This is in response to Lois Eisenberg’s June 5 letter advocating for LGBTQ rights.
I recently wrote in The Signal how diversity can be a strength as well as a weakness, a vulnerability, that can be exploited to keep us hostile and divided (for whatever purpose). And although it is true that we are all equally “human,” we are also as unique and individual as fingerprints, and in that sense none of us are equal to anyone else. That being said I think it’s important to practice equal treatment as human beings while recognizing the fact that no two people are exactly alike insofar as their abilities are concerned. In the crudest sense, men do not have a uterus and ovaries and women do not have testicles, or to paraphrase John McEnroe, Serena Williams would be the 700th best tennis player in the men’s league.
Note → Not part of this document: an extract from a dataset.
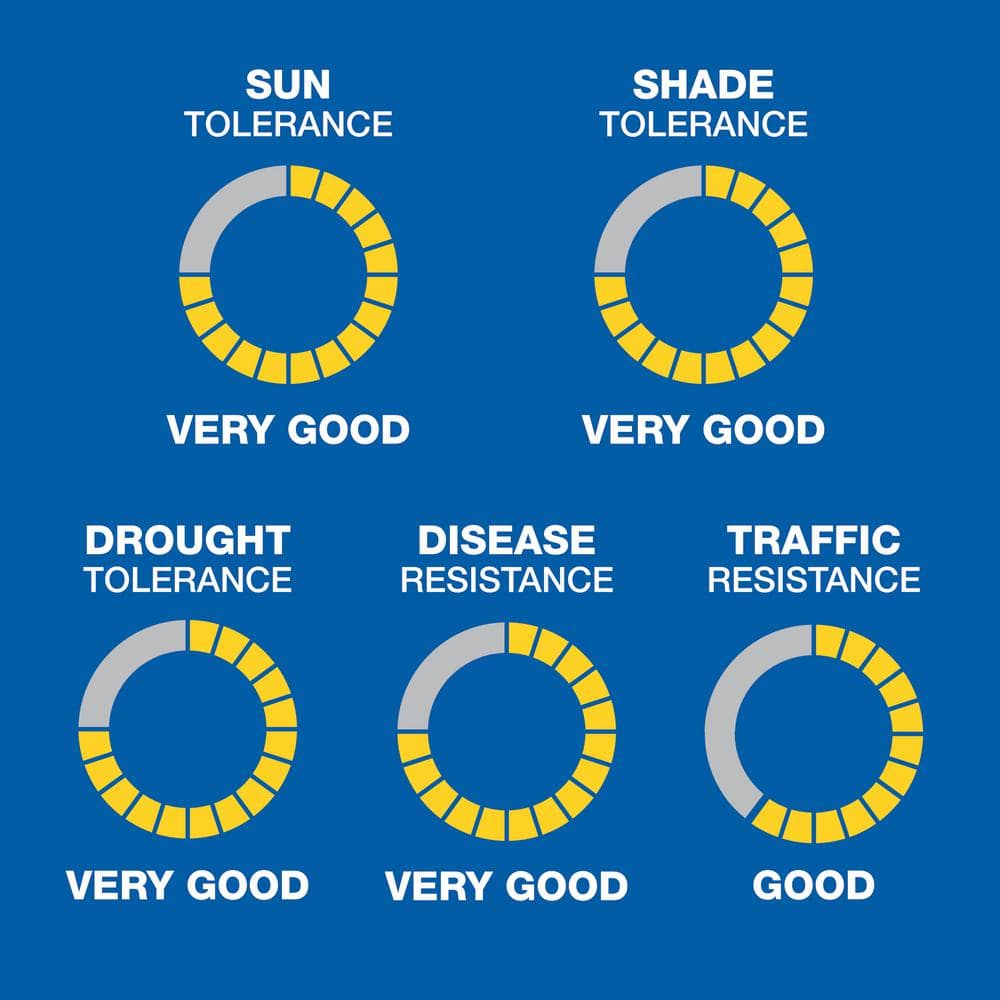 10 lb. Patch and Repair Sun and Shade Grass Seed Mix - Hercitys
Sexist perhaps, but quite factual.
These material differences do not, however, in any way justify the unwarranted attacks and abuses that members of the LGBTQ community have suffered at the hands of those calling themselves “normal” people. As far as I’m concerned everyone is normal and yet nobody is normal. In reality there is no normal… there’s just us. But there is another problem here, and it resides in the category of “two wrongs don’t make a right.”
However wrong those “normal” people may be in the way they treat those in the LGBTQ community, I don’t see an equal and opposite backlash as being the correction of that injustice or a solution to that problem. Getting in my face is not going to make me accept you or like you for what you are. It is, in fact, going to make me resist you all the more. Consider this: I was once confronted by a gay man who asked me if I had a problem with him being gay. I replied that I didn’t, and in return I asked if he had a problem with being gay. Or, to use an analogy, I’m not saying it’s going to be easy to get me to eat, but I’d rather be offered the food than be force-fed. How’s that for “food for thought”?